Front pilot trucks are the bane of my existence. Almost all of my locos have them, and with double reverse loops with spring switches, they've got to be able to push the points over on their own without derailing. So I've spent a good deal of time fiddling with mine to get them to work properly for my railroad. 

I've found that you need some kind of spring to provide the downward force necessary. I like Bachmann's "plunger" system. If you haven't seen one of Bachmann's locos, the front pilot has a brass spring-loaded plunger located along the arm of the front truck. This plunger presses against a flat plate on the bottom of the pilot deck. This system works well because you can stretch the spring to give your pilot a little more pressure if you need to, and--if necessary--add a shim to the underside of the plate against which the plunger presses. 
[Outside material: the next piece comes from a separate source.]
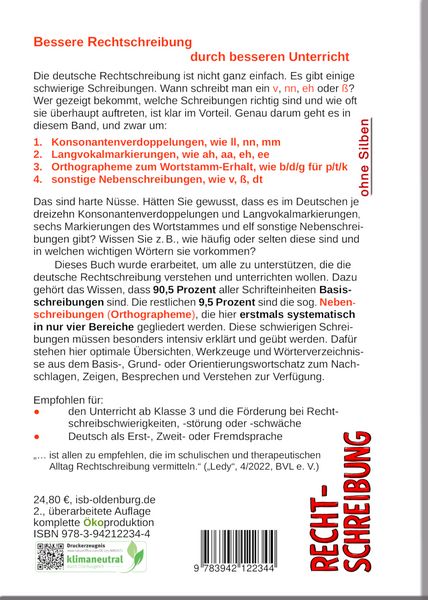 Produktbild: Professionelles Wissen &uuml;ber Rechtschreibung f&uuml;r Schule und F&ouml;rderung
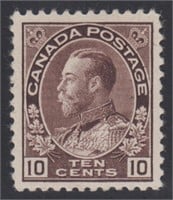 Canada Stamps #116 Mint LH, nicely centered 10 cen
Another option would be to use the arm itself as a spring. This requires something of a rigid mount for the pilot truck, so that it can rotate side to side on the curves, but not move up and down at the point where it's mounted. (Or, at least not move up.) The idea is that the arm of the pilot truck itself act as a leaf spring of sorts, so that it flexes up when the loco is on the track, providing sufficient downward pressure. 

I have found that simple weights on the pilot truck do not provide enough force to push open a set of switch points, no matter how lightly sprung they are. (Often even if the points are free-floating.) You could probably add more weight, but then you've got such a mass on top of the wheel that it becomes unsightly, and--especially on a small loco such as the one you're building--virtually impossible to engineer. 

I just thought of another option, but it's one of those "picture is worth 1000 words" things, and I want to experiment to see if it will work. Fortunately, I've still got one 2-8-0 with a front pilot that's giving me fits (it's just got a simple weight), so I'll get back to you on that...

Later,

K


----------



## d_sinsley (Mar 29, 2011)

Kevin,
Could you send a photo of the plunger system your talking about. The only one I have looked at is the 4-6-0 and honesty didn't pay to much attention. I am thinking with a spring/plunder it could ride on the steam chest area where I currently have it pivoting, when I move the pivot back. Is the spring mounted to the truck and then just pushes against the pilot deck when its on the track.I assume it is not physically attached to anything other than the pilot.

I need a picture of how the plunger is assembled. 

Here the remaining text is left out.